(Available records begins)

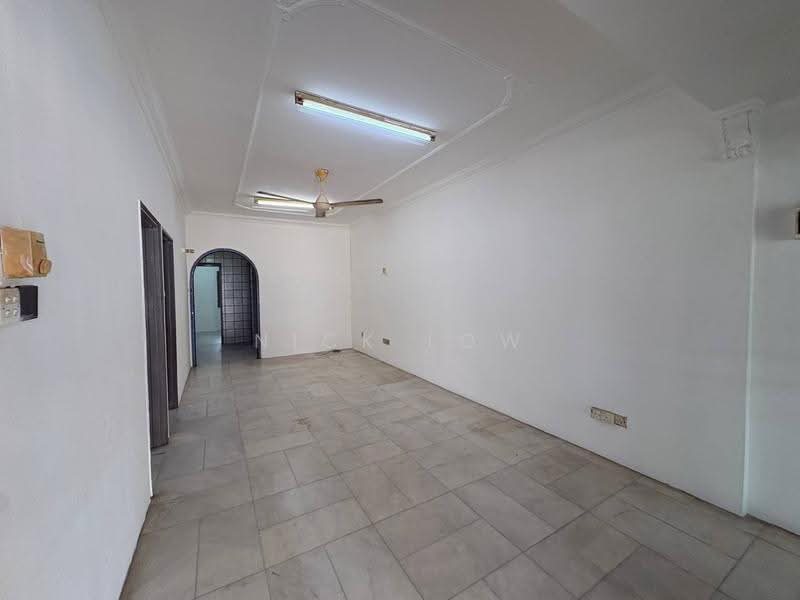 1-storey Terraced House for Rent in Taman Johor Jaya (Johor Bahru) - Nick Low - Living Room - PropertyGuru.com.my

(Available records ends)
(Available records begins)

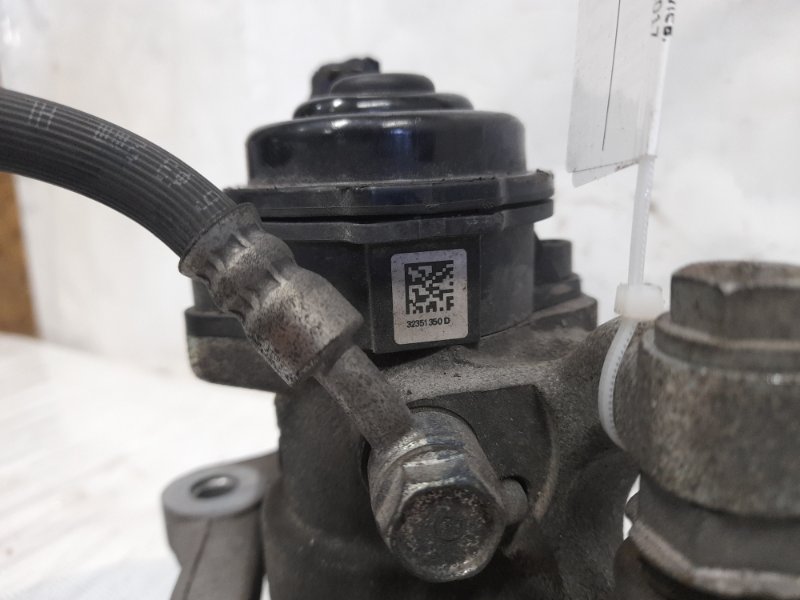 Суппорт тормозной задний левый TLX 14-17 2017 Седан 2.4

(Available records ends)
(Available records begins)

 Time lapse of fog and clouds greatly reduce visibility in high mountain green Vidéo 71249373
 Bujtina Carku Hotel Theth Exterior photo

(Available records ends)

• _Directions for this task_
Word for word, restate the lines of the data above that fall between the line holding "Time lapse of" and the line holding "Bujtina Carku Hotel Theth Exterior photo", inclusive, and no other lines.

• _Answer to the problem_
 Time lapse of fog and clouds greatly reduce visibility in high mountain green Vidéo 71249373
 Bujtina Carku Hotel Theth Exterior photo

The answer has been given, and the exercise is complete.